If oil prices are any indication, good days for economy are over. For the first time in three years, Brent crude shot above $70 on Thursday. On friday too, there was not much respite as it continued to hover in the same range, finally closing at $69.8. Experts believe that it might worsen an already poor economic situation by increasing the current account as well as fiscal deficit.
Prices for Brent crude oil futures, the international benchmark for oil prices, have risen by more than 50 per cent since mid-2017. The upsurge in prices is on account of export cuts undertaken by Saudi Arabia and the production cuts undertaken by OPEC and non-OPEC countries to rebalance the global supply glut. Oil prices were also impacted by the rising tension between the Iraqi and Kurdish forces as the Kurdistan region of Iraq pressed to hold a referendum on independence.
Further, greater than expected fall in the US crude inventories also caused oil prices to rise sharply.
India is the third largest consumer of crude oil in the world. It is expected that the import bill would increase by approximately $1.5 billion for every dollar increase in crude oil price.
"We estimate that the WPI (wholesale price inflation) could increase by 0.5-0.7 per cent on account of 10 per cent increase in crude oil price. CPI (consumer price inflation) impact would be less pronounced given the lower weight of oil related products and could be in the region of 0.3-0.35 per cent,” said chief economist Madan Sabnavis of Care Ratings in a note.
In the face of higher inflation, he said that the options would be to either increase subsidy on the expenditure side or lower taxes (along with states) on the revenue side.
However, one of the things working in favour of oil refiners so far is the appreciating rupee.
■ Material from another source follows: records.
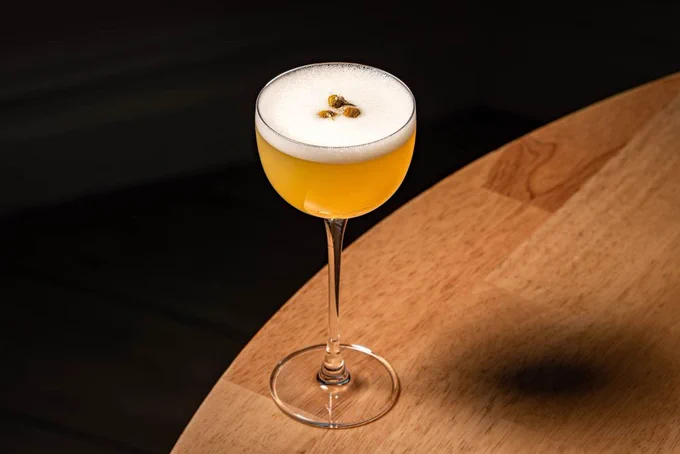 Chamomile cocktail with a 3 seeds as garnishes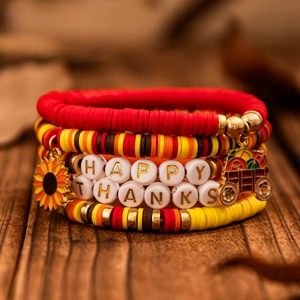 Makro-Detail von mehrlagigen Erntedankfest-Perlenarmbändern mit Happy Thanks Schriftzug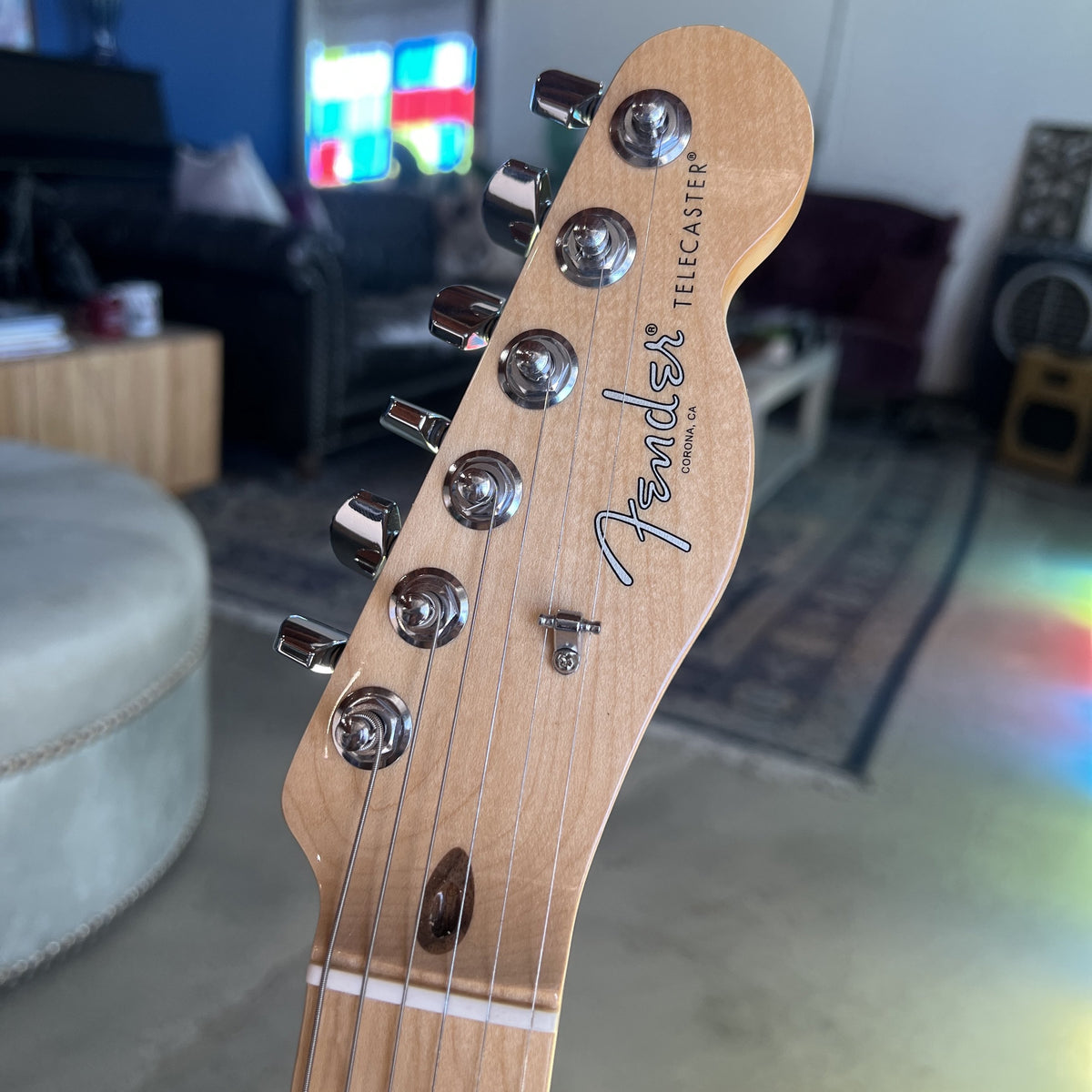 Close-up of a Fender Telecaster electric guitar headstock made of natural maple wood, showing six chrome tuning pegs and the Fender logo, with a blurred living room background.
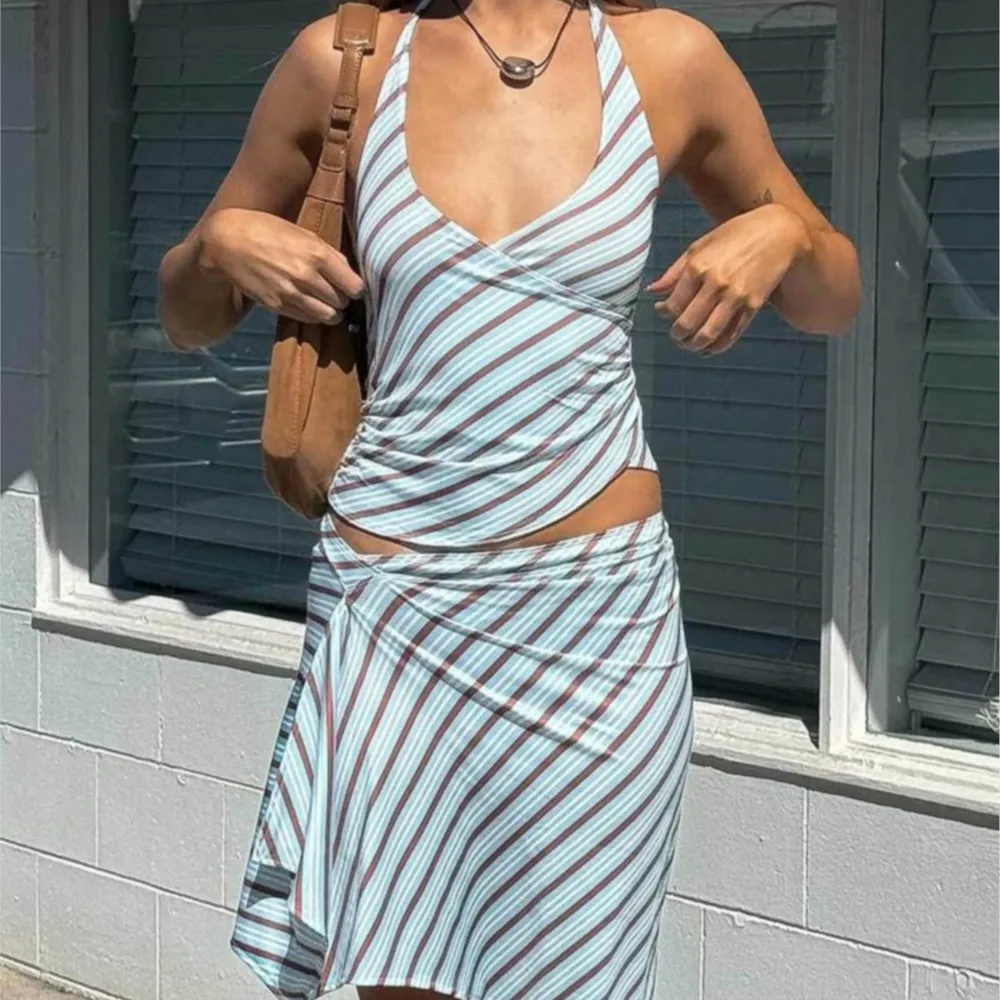 

2026 Summer New Woman 2 Piece Set Outfit Beachwear Arrival Backless Halter Neck Strap Striped Skirt Suit Two Piece Outfits Woman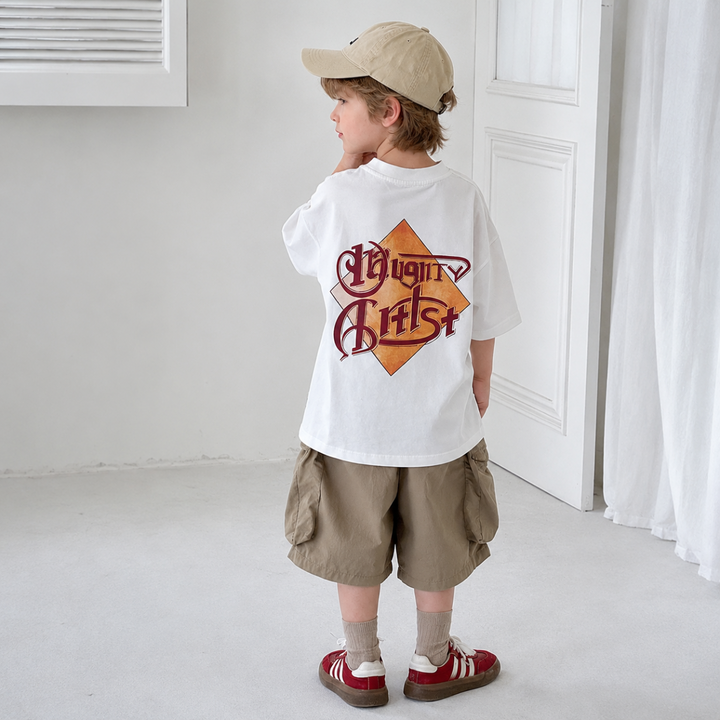 Back view of a child wearing the white graphic T-shirt with khaki shorts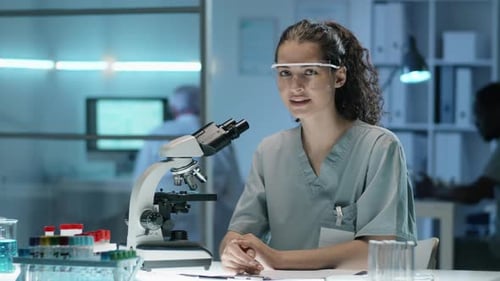 Young Adult Woman Sitting at Laboratory Desk with Microscope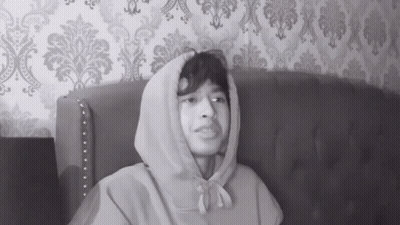 Man In Hoodie Sitting On Couch GIF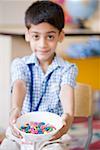 Portrait of a schoolboy holding candies in a bowl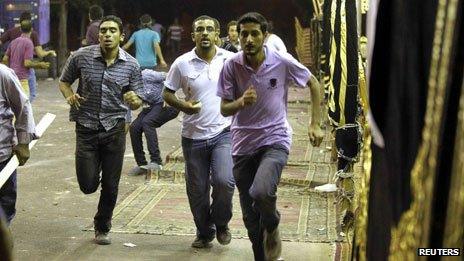 Members of the Muslim Brotherhood and supporters of ousted Egyptian President Morsi run during a clash with anti-Morsi protesters in Alexandria (7 July)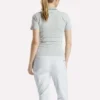 Polo de golf ajustado con cremallera y manga corta para mujer Polo de golf ajustado con cremallera y manga corta para mujer
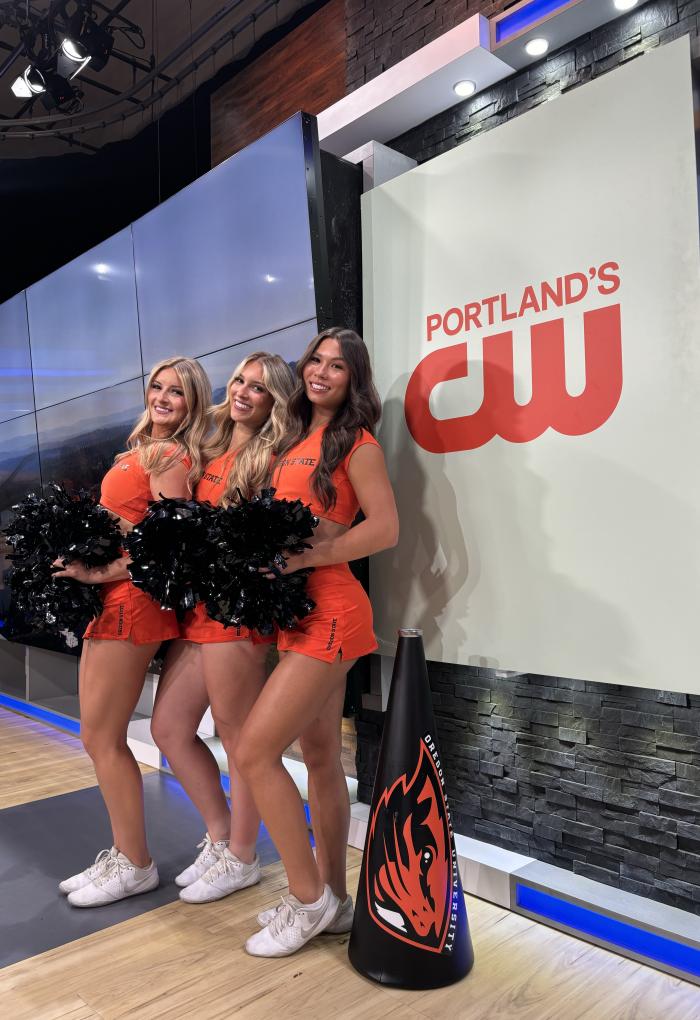 Three woman in orange OSU cheer uniforms stand beside each other, holding pompoms and smiling at the camera in a Portland news studio. 
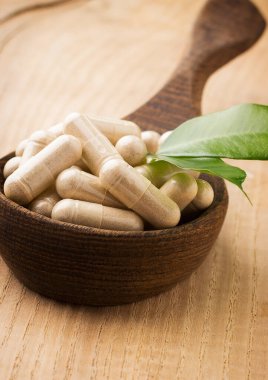 Alternatif ilaç tabletleri tahta kaşıkta, yeşil yapraklı..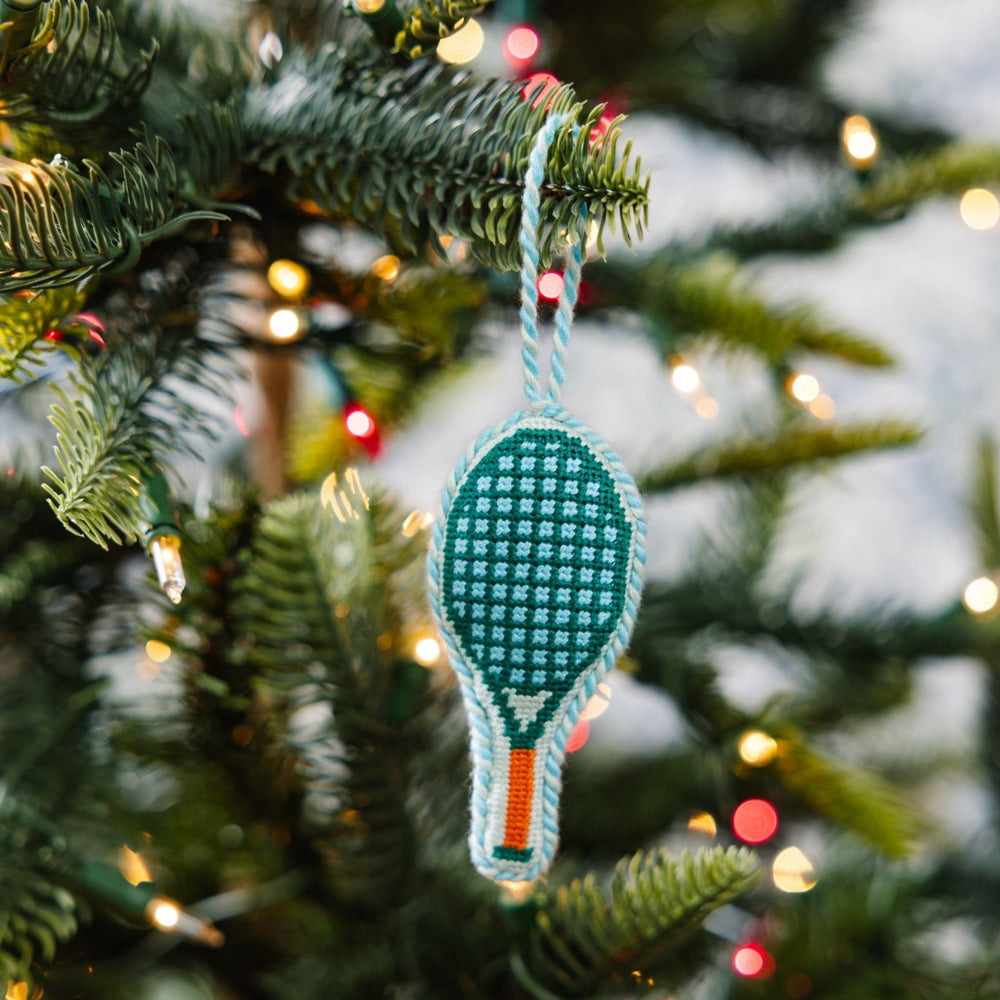 Green tennis racket ornament hanging on a Christmas tree branch among soft white lights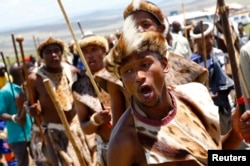 Zulu warriors dance to honor South Africa's late President Nelson Mandela on a hill above the graveyard within the Mandela family's property in the village of Qunu where Mandela was buried, Dec. 15, 2013.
Since the rupee strengthened 1.3 per cent against the dollar in the past six months, it eased the burden as they paid less in rupees for every barrel of fuel purchased.
Experts believe that for now oil prices will remain in the $65 range, putting pressure on inflation, balance of payments and fiscal policy.
The after shocks of rise in crude prices might be felt at multiple levels. The rise in crude prices will lead to an increase in the price of natural gas which in turn would increase the input costs for fertilizer companies and petrochemical companies. The input costs of power companies, which use natural gas as a fuel, will also increase.